Fly into Washington Dulles International Airport and then travel by car to Stratford, Virginia (2.5 hours). Spend the night at the Inn at Stratford Hall and tour the historic home of General Robert E. Lee. Travel to nearby Colonial Beach for a meal at Denson’s Grocery and R&B Oyster Bar. Learn more about the waterman culture at the Fishermen’s Museum in Reedville, which also hosts an annual oyster roast in November. 

Day 2: Middle Bay Western Shore

Follow the Rappahannock River south to the Tides Inn in Irvington (1.25 hours). This waterfront resort is located where the Chesapeake Bay Wine Trail meets the Virginia Oyster Trail, offering visitors numerous culinary excursions. The Dog and Oyster vineyard features Virginia wines crafted to complement the local oysters available at the winery every weekend courtesy of Byrd’s Seafood Company. Visit Merroir, the tasting room of Rappahannock Oyster Company in Topping, for a waterfront meal from Virginia’s oyster experts. Book a Virginia Watermen Heritage Tour to get a first-hand look at the culture of local watermen while exploring the bay.

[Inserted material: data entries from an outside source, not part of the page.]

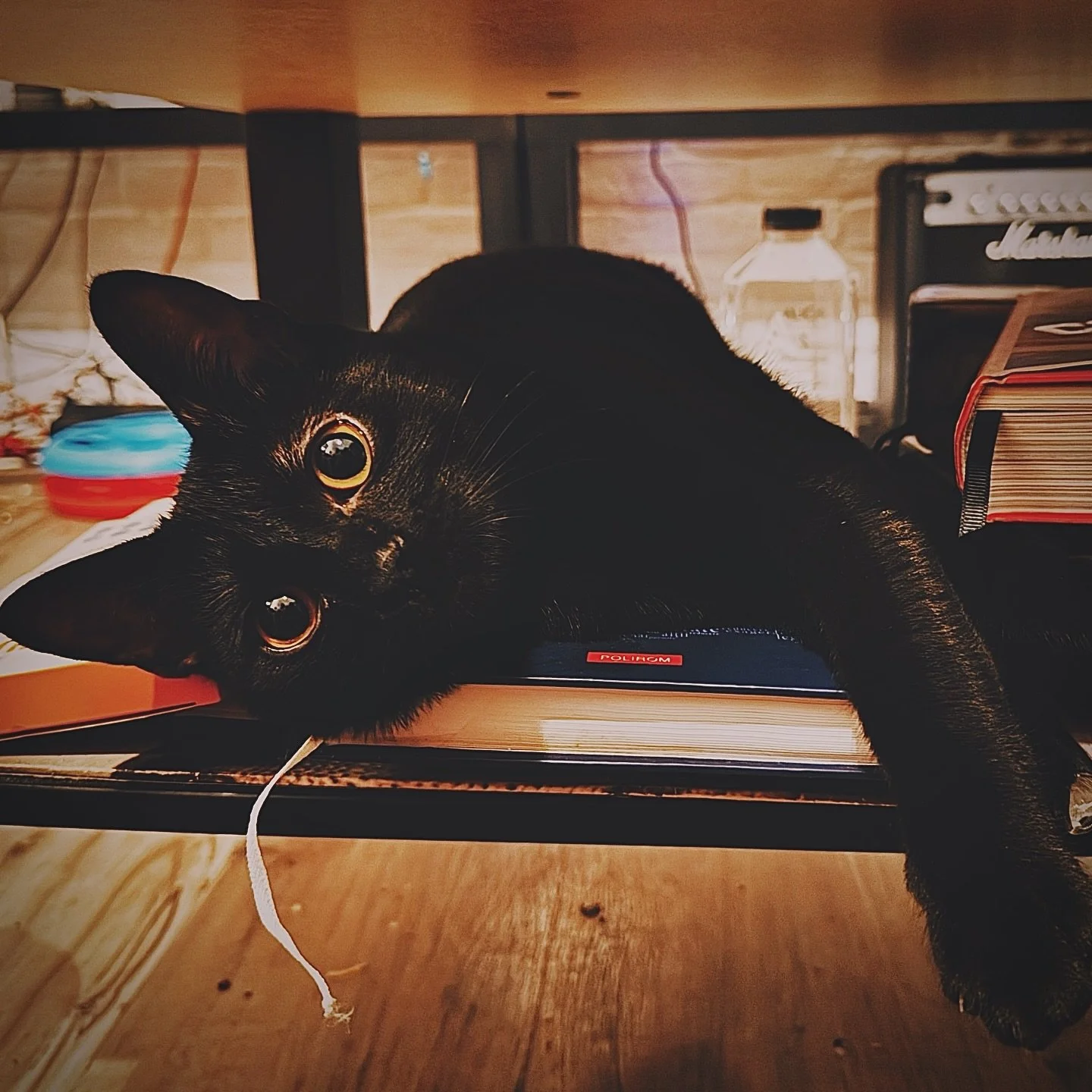 Hey, dragule. 

Stăm &icirc;mpreună de vreo două luni și ai ajuns la punctul &icirc;n care ești vizibil fericit. &Icirc;mi dau seama după &icirc;ți bagi nasul &icirc;n pizza mea c&acirc;nd măn&acirc;nc. 

C&acirc;nd ți se luminează fața și c&acirc;nd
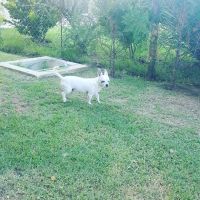 lizy-6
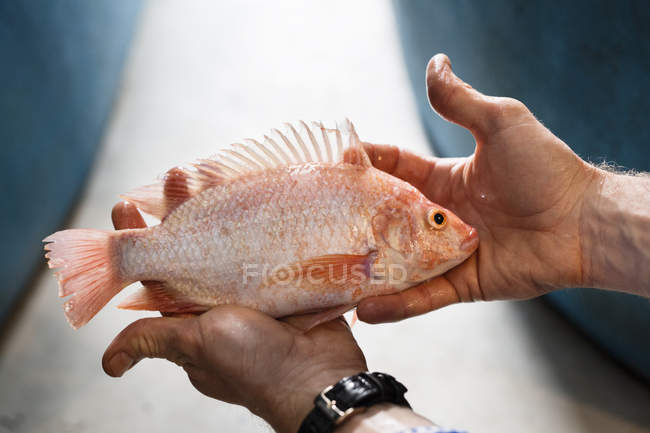 Uomo che detiene pesce sul mercato — Foto stock
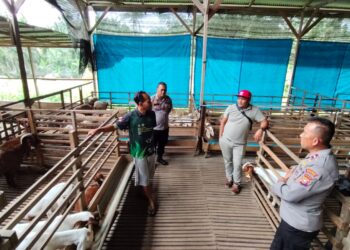 Sat Binmas Polres Rokan Hulu Kunjungi Peternakan Kambing “Nawasena Farm”, Dorong Ketahanan Pangan dan Kemandirian Ekonomi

Day 3: Lower Bay Western Shore

This region includes the historic locations of Williamsburg and Yorktown. Travel to the Williamsburg Winery (1.25 hours), which features not only a winery but a tavern, restaurant and lodging at The Wedmore Place. The winery’s Gabriel Archer Tavern hosts a Wine & Brine Lounge every Saturday and Sunday, featuring Virginia oysters and seafood. Tour the Watermen’s Museum in nearby Yorktown.

Day 4: Tidewater

Travel an hour south to Virginia Beach, the state’s premier beach destination. Located right on the beach, The Oceanfront Inn offers packaged experiences highlighting the local culture. Pleasure House Oysters hosts boat-based farm and tasting tours along the Lynnhaven River. The “Chef’s Table Tour” is a dining experience featuring local foods served at a table on the farm or on the boat. Taste Tidewater Tours offers a Virginia Wine and Oyster Tour and a Local Oyster and Craft Brew Tour, where guests sample oyster-based dishes from Virginia Beach restaurants paired with local wines and beers.  

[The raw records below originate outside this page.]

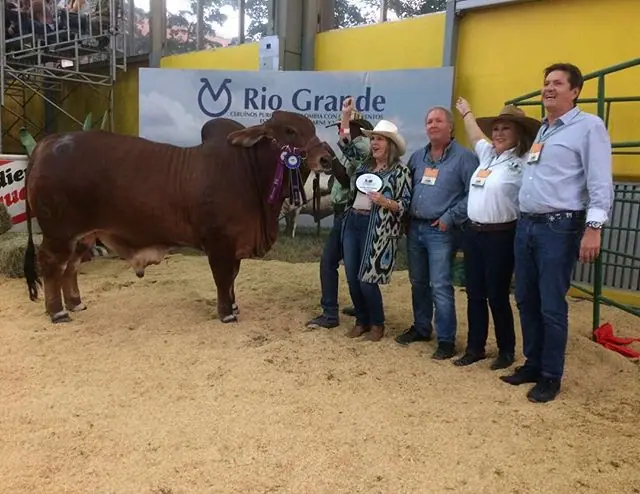 Campeon Joven R Monterrey Maximiliano 577/6666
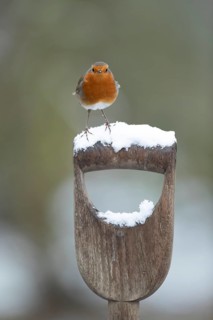 European robin (Erithacus rubecula) adult garden bird on snow covered fork handle in winter,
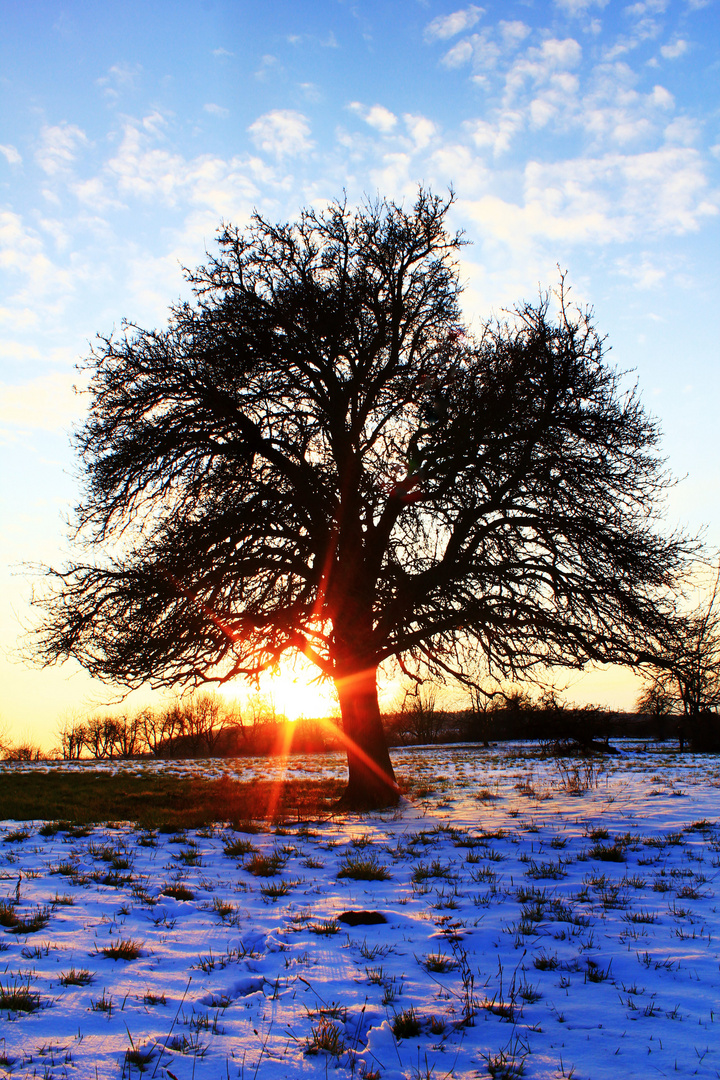 Sonnenuntergang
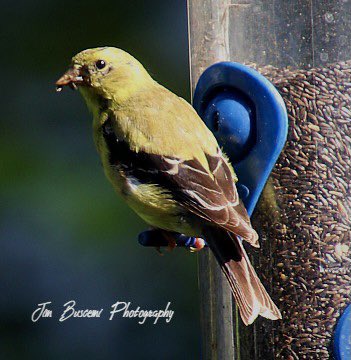 Jbusc33's tweet photo. #goldfinch #birds #beauty #backyard #lookingforfood #wildlife #wildlifephotography #upstateny #birdsofinstagram #birdsoftwitter #goldfinchesofinstagram #audobonsociety #news8photo #just_newyork #your_best_birds @News_8 @bhphoto https://t.co/kr9UWGskYy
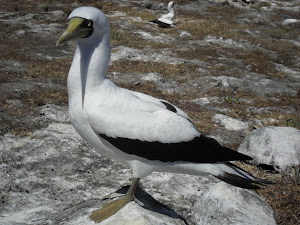 LINDO ATOBÁ NA ILHA DE SANTA BÁRBARA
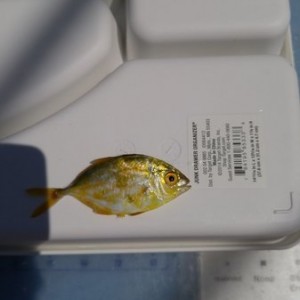 Cool colorful little buggar
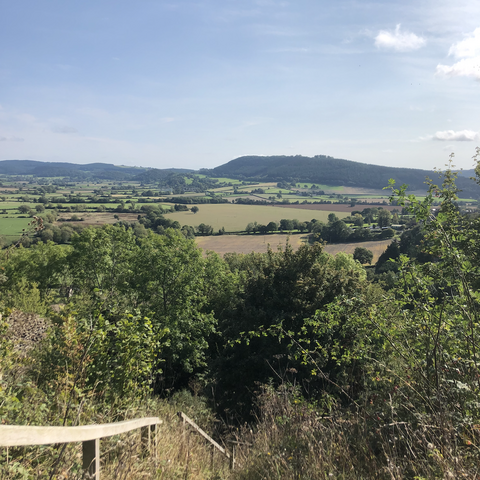mortimer country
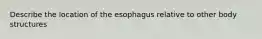 Describe the location of the esophagus relative to other body structures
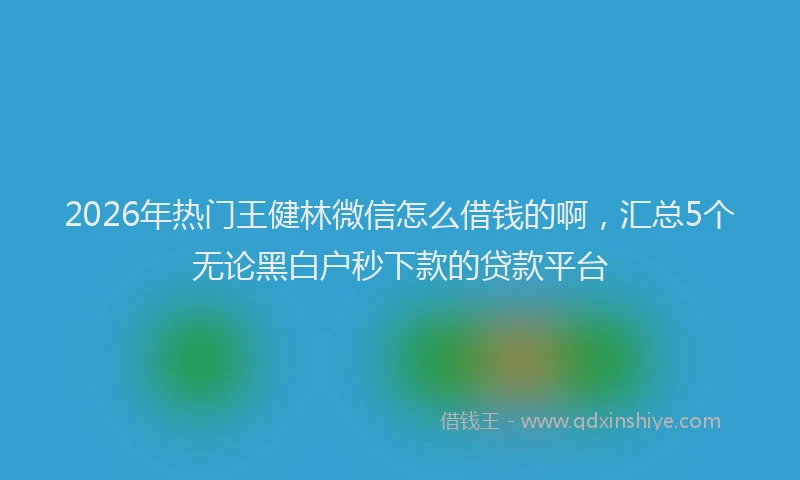 2026年热门王健林微信怎么借钱的啊，汇总5个无论黑白户秒下款的贷款平台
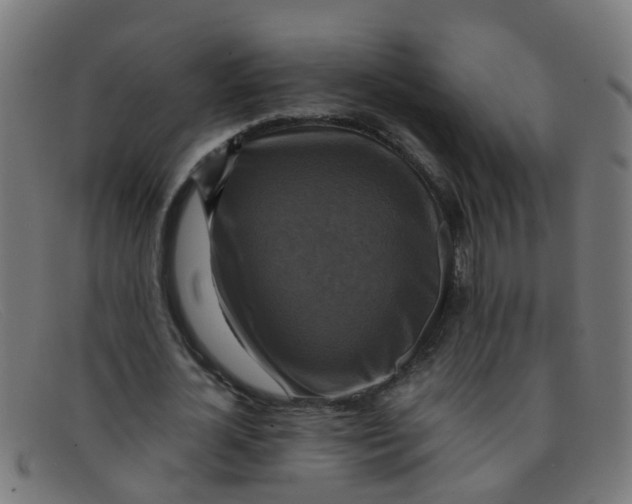 X0000091500724200709131849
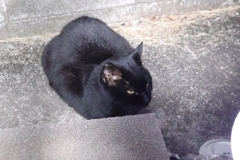 思ったとおり♪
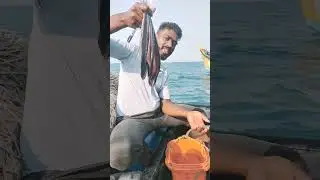 #fish #fisherman #🌫️🌊#beachfishing # #fishing #fushingmethods #fishingtechniques #fishing #crab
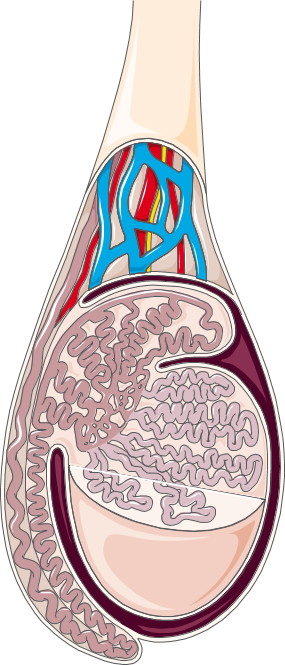 Testicle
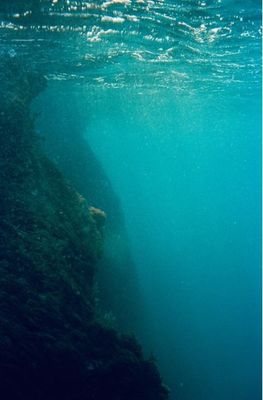 vue sous-marine d'une personne nageant dans l'océan avec une planche de surf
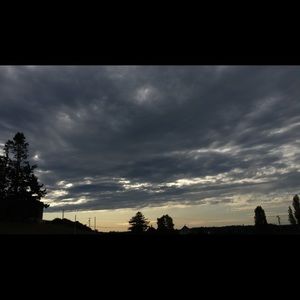 Meet your Posher, Summer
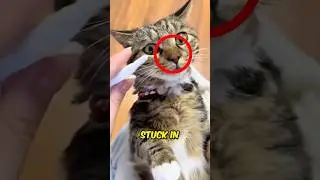 Something Got Stuck In Cat&rsquo;s Nose😱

Day 5: Lower Bay Eastern Shore, Upper Bay Eastern Shore and Seaside

No visit to Coastal Virginia is complete without a trip across the Chesapeake Bay Bridge Tunnel, a four-lane, 20-mile-long vehicular toll bridge crossing the lower Chesapeake Bay. The tunnel connects the Eastern Shore to the mainland. The Eastern Shore, 70 miles long, is home to three regions of the Virginia Oyster Trail. Spend two nights at the centrally located Inn at Onancock (1.5 hours from Virginia Beach). From here, explore quaint fishing villages like Chincoteague Island, home to the famous Chincoteague ponies that live in the Chincoteague National Wildlife Refuge. Schedule a visit during the town’s annual oyster festival in October. 

Day 6: Tangier/Middle Chesapeake Bay

Your final stop along Virginia’s Oyster Trail takes you to the newest region to be added to the trail and one of the most unique destinations in Virginia. Tangier Island is located 12 miles out in the Chesapeake Bay and is only accessible by air or sea. The Tangier Onancock Ferry runs twice daily from May to October, and private charters are also available. Once on the island, explore the narrow streets travelled mostly by bicycle or golf cart, and enjoy the warm hospitality of the island’s residents. Enjoy a meal at Lorraine’s, home to the Tangier Island Oyster Company. 

Day 7: Return to Washington, DC

The drive time from Onancock to Washington Dulles International Airport is four hours. Traveling north along the Eastern Shore into Maryland and around Washington, DC, this scenic route provides numerous opportunities to continue exploring the Capital Region.